Tak hanya temulawak, lanjut Yul, pihaknya juga ingin mengunggulkan jamu sebagai ramuan khas Indonesia. Seyogyanya jamu bukan hanya berfungsi sebagai obat, tapi juga memiliki fungsi keindahan dan keasrian.

"Jamu itu bisa digunakan untuk obat dan juga untuk permen, odol, sabun, spa. Ginseng dari Korea itu bisa diolah bermacam-macam ada odol ginseng, bahkan parfum ginseng pun ada. Di bidang spa juga omzetnya besar sekali. Jadi,jangan mengebiri jamu hanya sebagai obat. Jamu bisa terkait dengan farmasi, industri, dan kosmetik," paparnya.
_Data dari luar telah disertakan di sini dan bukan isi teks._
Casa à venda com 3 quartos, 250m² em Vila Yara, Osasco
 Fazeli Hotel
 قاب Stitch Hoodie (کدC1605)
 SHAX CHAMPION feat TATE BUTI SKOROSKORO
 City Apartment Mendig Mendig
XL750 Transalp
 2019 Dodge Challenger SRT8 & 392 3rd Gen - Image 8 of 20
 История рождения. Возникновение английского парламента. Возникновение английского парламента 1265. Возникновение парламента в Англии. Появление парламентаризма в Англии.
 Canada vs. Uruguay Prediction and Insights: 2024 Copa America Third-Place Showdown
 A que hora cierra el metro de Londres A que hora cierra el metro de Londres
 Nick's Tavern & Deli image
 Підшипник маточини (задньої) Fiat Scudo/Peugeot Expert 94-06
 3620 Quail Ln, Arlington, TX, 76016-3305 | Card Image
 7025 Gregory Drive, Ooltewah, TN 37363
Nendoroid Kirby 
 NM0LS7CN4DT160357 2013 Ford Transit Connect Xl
Dalam statistik, lanjut Yul, nilai penjualan jamu dalam setahun itu sekitar Rp 10 triliun. Di luar angka statistik tersebut, mungkin lebih besar lagi nilainya. "Kalau industri jamu diperluas lagi, maka pendapatan kita bisa lebih dari Rp 10 triliun," tandasnya.

Ke depannya, kata Yul, temulawak tidak hanya dikembangkan dalam bentuk jamu, namun juga permen hingga pewangi badan. Pengembangan ini membutuhkan riset terpadu dari berbagai instansi. Seperti jamu yang takaran penggunaannya merupakan kewenangan Kementerian Kesehatan. "Kementan itu berwenang dalam budidaya dan meneliti kandungannya," tuturnya.

Yul mengungkapkan, beberapa tahun terakhir Malaysia pun mulai mengklaim jamu merupakan ramuan khas negara tersebut. Di beberapa negara seperti Malaysia dan India memang ada ramuan khas negara masing-masing, tapi kandungan yang terdapat dalam ramuan tersebut tidak lengkap seperti di Indonesia.

"Malaysia juga mengenal pasak bumi, bahasa sana itu tongkat ahli. Temulawak juga bisa ditanam di Malaysia, namun hasilnya kurang bagus. Nah kita tutup peluang Malaysia. Kita juga berusaha angkat jamu kita lantaran kita lebih unggul dalam hal bahan baku dari India dan Malaysia. Yang pasti, jangan sampai masyarakat Indonesia bergantung pada jamu impor," ungkapnya.

Yul menambahkan, jamu Indonesia seyogyanya telah diekspor seperti ke Korea yang selalu membeli jahe dan temulawak dalam bentuk simplisia (bubuk), Timur Tengah, sebagian Eropa, dan Jepang. "Yang paling besar ekspor kita ke Timur Tengah berupa rempah-rempah dan tanaman obat," tandasnya.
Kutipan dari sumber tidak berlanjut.